As the materiality of the OTL is largely an historical and archaeological project, our approach is also strongly influenced by the recent work of Wilkinson (2019) in theorizing infrastructure in an archaeological context. He defines infrastructures as: [L]arge and immovable technological apparatus that are distinguishable from more portable objects, (2) which imply supra-household communities in their construction and ongoing use, but (3) excluding most architectural structures, such as residences and other human-oriented buildings. (Wilkinson, 2019: 1223)
Wilkson’s idea of infrastructure feels akin to our socio-technical systems, and his ontology has useful methodological implications for how we might ‘see’ a system and engage with it. Indeed, his work is in productive dialog with many cybernetic concerns. His identification of a circulatory form of infrastructure that is designed to support transportation, or transmission, feels especially relevant to telegraphy. Inspired by the methodological work of sociologist Star, who states that ‘infrastructure is both relational and ecological’ (1999: 377), we seek to build on Wilkinson’s invitation to consider an infrastructure topology, as listed above, ‘ultimately to make sense of our assemblages’ (2019: 1237). We align our approach to telegraphy in a similar way to Wilkinson’s description of a port or harbour as ‘not really one kind of infrastructure, so much as a convergence of several different kinds, all operating together, and with each fulfilling different, often multiple, goals’ (2019: 1236). Thus, our consideration of telegraphy as a circulatory infrastructure is consistent with cybernetics’ origins and ongoing interests in circular systems, as well as our own interests in bringing this approach and its methodological implications to a range of our applications.

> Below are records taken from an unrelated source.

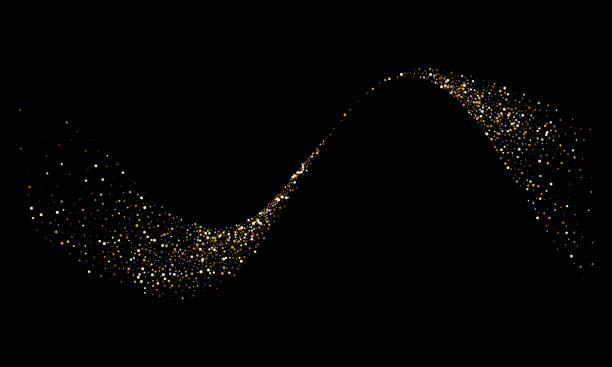 istock Golden glitter particles or sparkling space wave trail. Vector gold light or shiny confetti twist trace for Christmas or premium fashion and luxury cosmetic design 1031362216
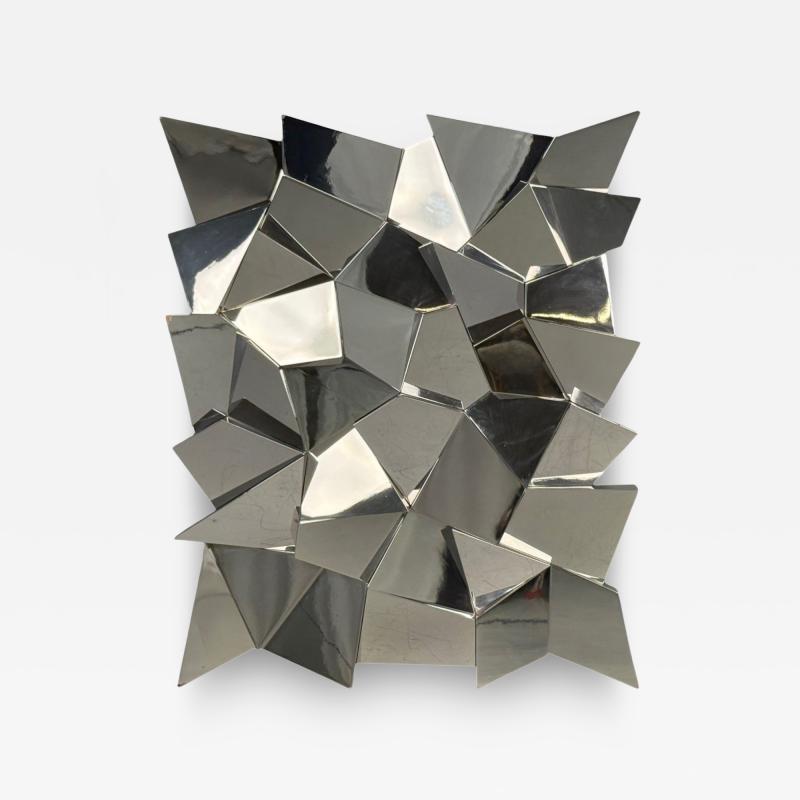 Brutalist Style Geometric Chrome Wall Mirror American 2010s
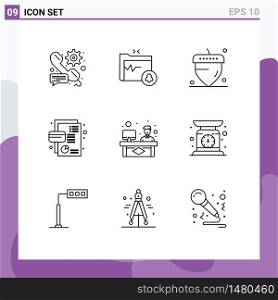 9 Creative Icons Modern Signs and Symbols of chat, debit, safe folder, credit, business Editable Vector Design Elements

It is significant to Australia, and relevant to everywhere where a telegraph system occurred in colonial settings, that a cybernetic view of the telegraph necessarily understands the telegraph and its technical and social systems as an expression of the colonial world. An expanded view of the telegraph requires thinking about First Nations people and their Country. This is demonstrated by reflecting on the reality that the OTL was developed around natural water sources which were already significant to Aboriginal Australia. As described by Mike Smith, citing Judith Wright’s poem ‘Sanctuary’, the completed OTL was ‘like a long fuse’ (2005: 11) from which Europeans would explore and eventually settle. Archaeological sites reveal the spatial relationship of Aboriginal people to the telegraph stations as well as the use of new materials, for example, ceramic telegraph insulators being modified to produce flaked tools (Munt and Owen, 2021).

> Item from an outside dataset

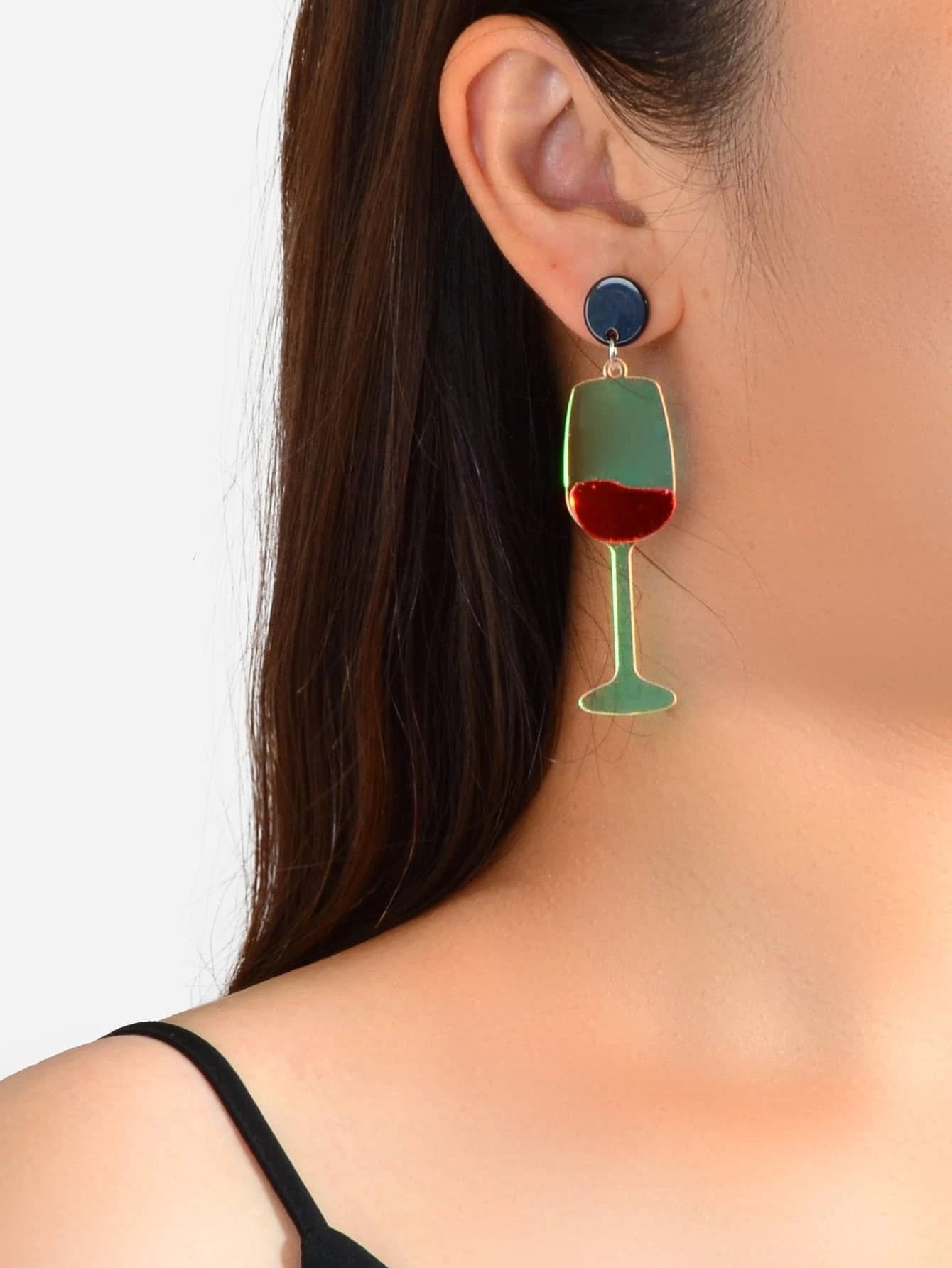 Resin Lightweight Wine Goblet Drop Earrings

This paper is framed around three quite different but interlocking approaches to a large-scale, historical, socio-technical system—a circulatory infrastructure. In section one, we examine telegraphic routes and sites; in section two, we explore visual representations of telegraphy; and in section three, we share a critical self-reflexive pedagogy. Through these frames, we find ways to encounter 19th-century technology anew in the 21st century. In so doing, we articulate a methodological suite that could help examine other such large-scale systems from railways to electricity, the internet, and even data centers, and re/assert their legacies and lasting impacts.
Following the route—circulatory infrastructure and the sites in-between
The most obvious forms of infrastructure tend to be circulatory, and as the name suggests, they facilitate the dissemination and transport of people, animals, goods, resources, waste, and information. Common varieties include roads, canals, bridges, railways, aqueducts, viaducts, drains, sewers, causeways, and power grids.… Fundamentally, circulatory infrastructures are entities that remain immobile, so that other things can move. (Wilkinson, 2019: 1226)
Overland telegraph line repeater stations.
Here we take Wilkinson’s idea of circulatory infrastructure as our point of departure. Specifically, we want to move from the Repeater Station locus to some of the network routes and flows; the spaces in between, the lines themselves and their reworkings, and the ways we might encounter them. After all, in many ways a telegraph line is a circulatory infrastructure. It is an immobile entity that facilities the movement of information. However, unlike a road or a railway, its route is a little less rigid, a little less immobile.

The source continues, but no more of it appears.